__THE RECORDS__
BEGIN
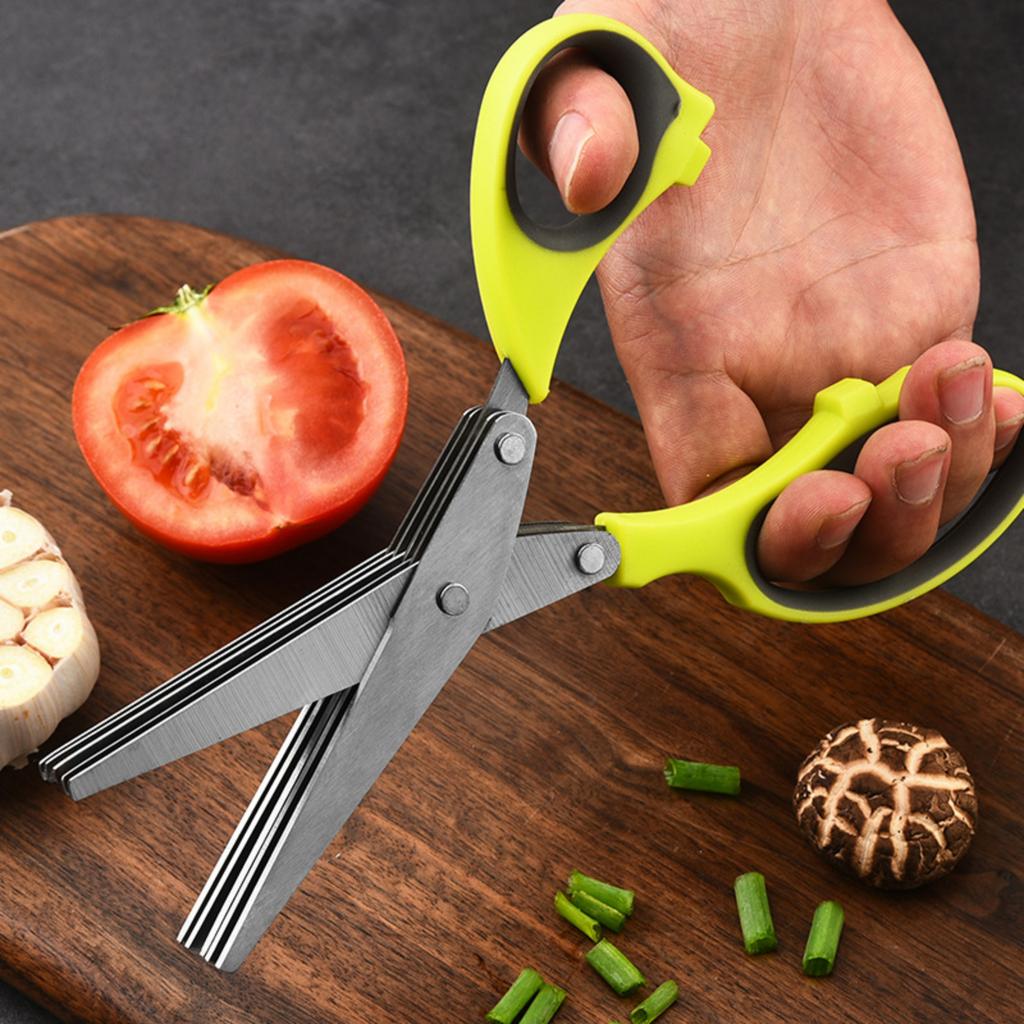Stainless Green Scissors - Multifunctional Multi- Kitchen Shears for Scallions and Herbs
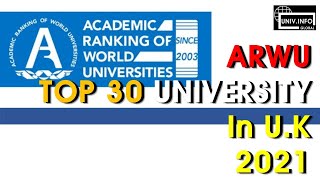 2021 ARWU BEST 30 UNIV in United Kingdom [upl. by Lasiaf]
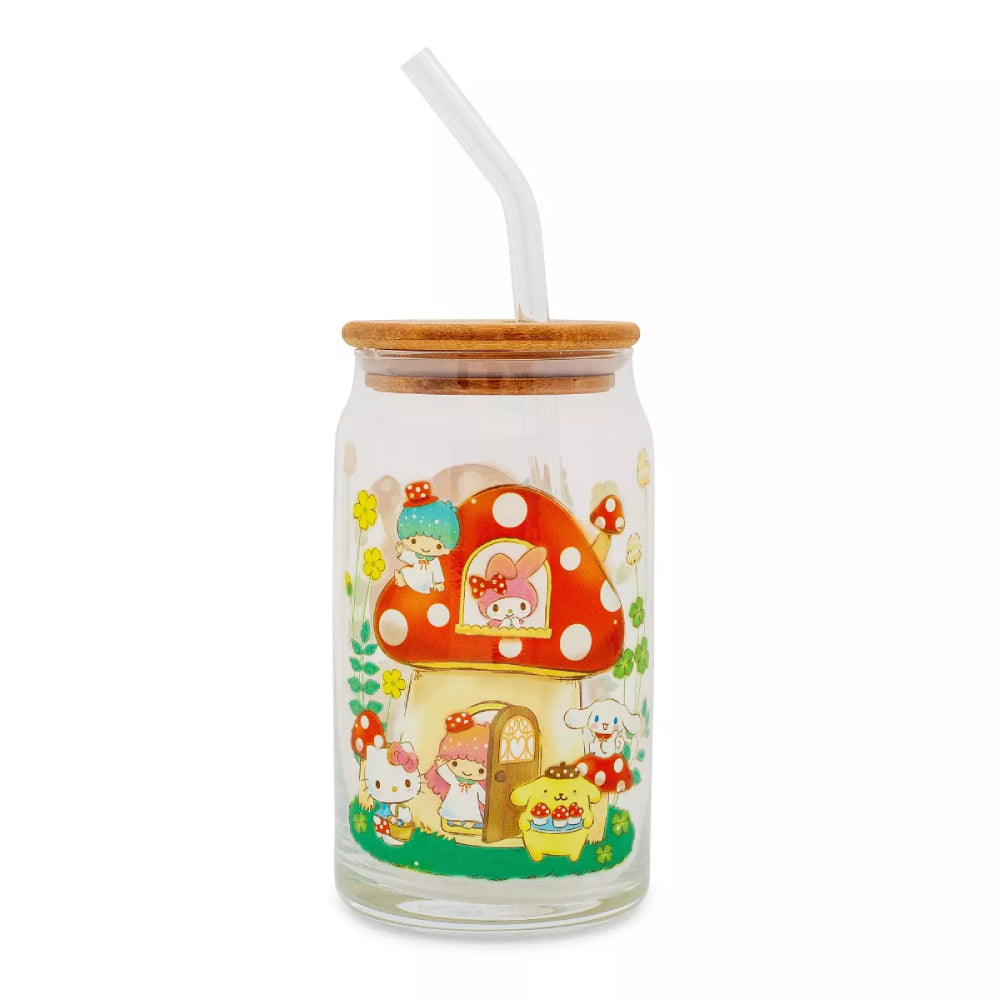 Sanrio Hello Kitty and Friends Mushroom 20 oz Glass Tumbler With Bamboo Lid and Straw - Multicolor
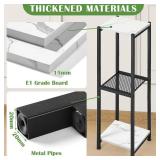 Dipion Extra Tall Plant Stand Indoor,40 Inch Plant Stands,3 Tier Metal Plant Stand with Heavy Duty Wood and Metal Mesh Shelf,Marble White and Black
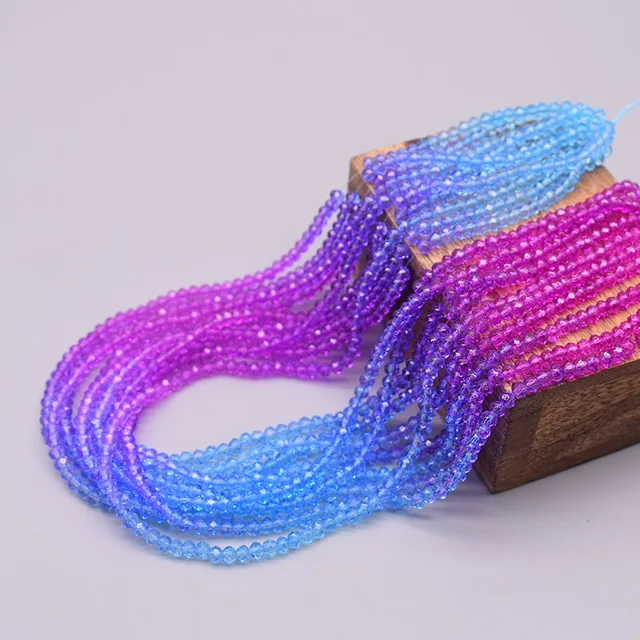 New 2x3mm Dyeing Loose Spacer Czech Beads Crystal Faceted Rondel Glass Beads for Jewelry Making Jewelry DIY Accessories 48 2mm 170pcs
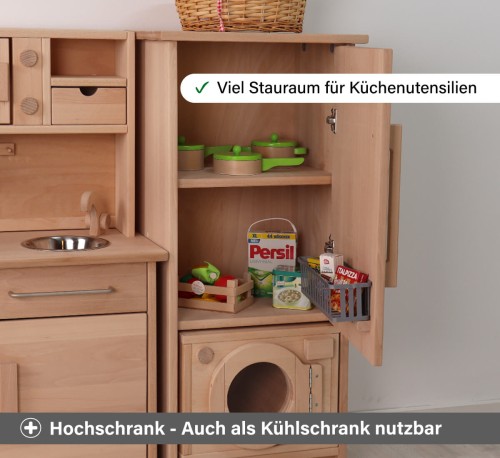 Kinderküche mit Hochstellschrank - Umbaubar zu Kühlschrank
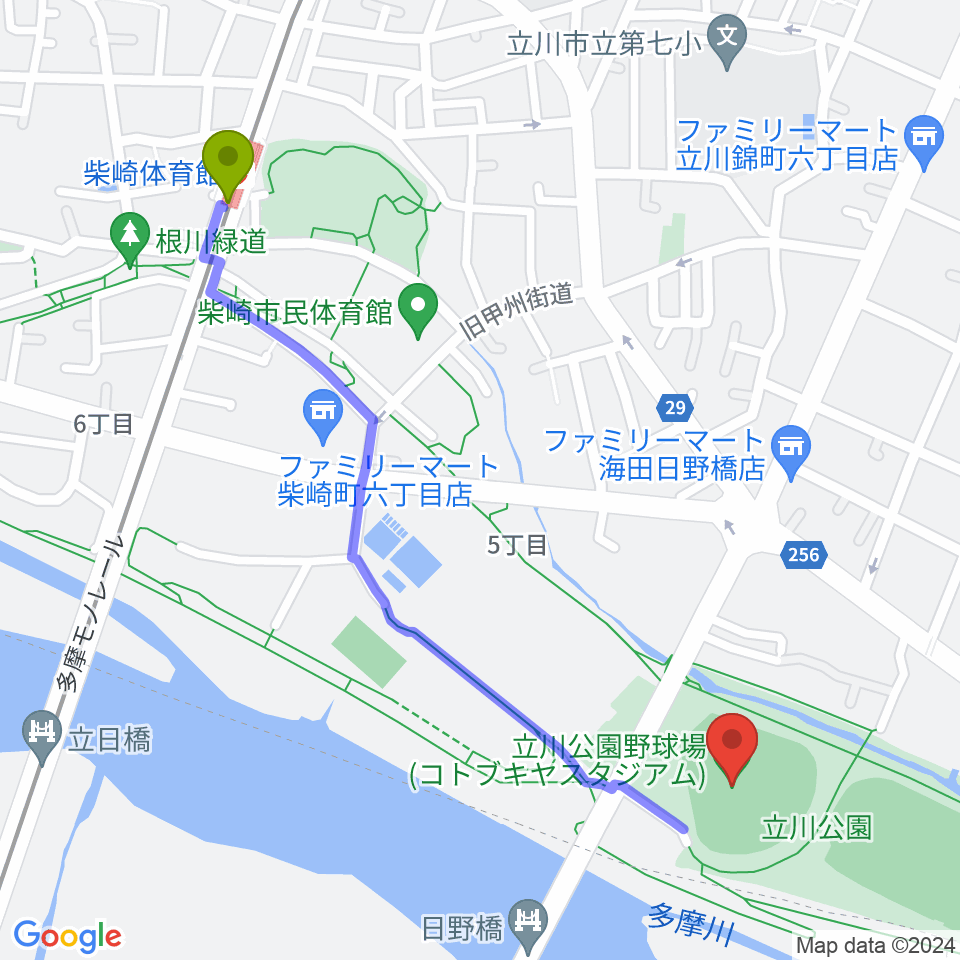 コトブキヤスタジアムの最寄駅柴崎体育館駅からの徒歩ルート（約12分）地図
END
__WHAT TO DO__
Retype the listing exactly and drop the pictures.

__RESPONSE TO THIS EXERCISE__
Stainless Green Scissors - Multifunctional Multi- Kitchen Shears for Scallions and Herbs
 2021 ARWU BEST 30 UNIV in United Kingdom [upl. by Lasiaf]
 Sanrio Hello Kitty and Friends Mushroom 20 oz Glass Tumbler With Bamboo Lid and Straw - Multicolor
 Dipion Extra Tall Plant Stand Indoor,40 Inch Plant Stands,3 Tier Metal Plant Stand with Heavy Duty Wood and Metal Mesh Shelf,Marble White and Black
 New 2x3mm Dyeing Loose Spacer Czech Beads Crystal Faceted Rondel Glass Beads for Jewelry Making Jewelry DIY Accessories 48 2mm 170pcs
 Kinderküche mit Hochstellschrank - Umbaubar zu Kühlschrank
 コトブキヤスタジアムの最寄駅柴崎体育館駅からの徒歩ルート（約12分）地図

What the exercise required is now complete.